Reproduce the entire listing exactly as written, apart from its pictures.

Information supplied:
════
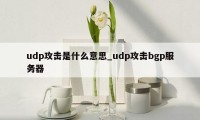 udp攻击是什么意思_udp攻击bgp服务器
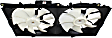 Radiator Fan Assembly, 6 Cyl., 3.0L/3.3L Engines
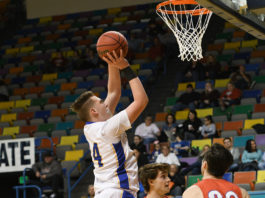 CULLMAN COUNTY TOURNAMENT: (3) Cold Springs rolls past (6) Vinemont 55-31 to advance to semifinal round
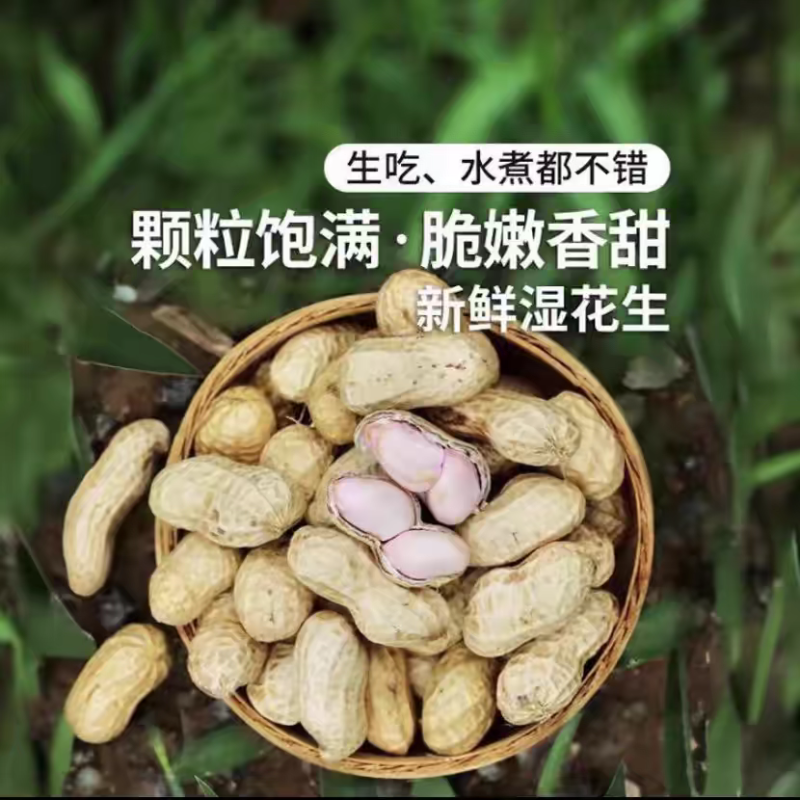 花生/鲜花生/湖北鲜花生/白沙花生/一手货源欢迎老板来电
════
Solution for this problem:
 udp攻击是什么意思_udp攻击bgp服务器
 Radiator Fan Assembly, 6 Cyl., 3.0L/3.3L Engines
 CULLMAN COUNTY TOURNAMENT: (3) Cold Springs rolls past (6) Vinemont 55-31 to advance to semifinal round
 花生/鲜花生/湖北鲜花生/白沙花生/一手货源欢迎老板来电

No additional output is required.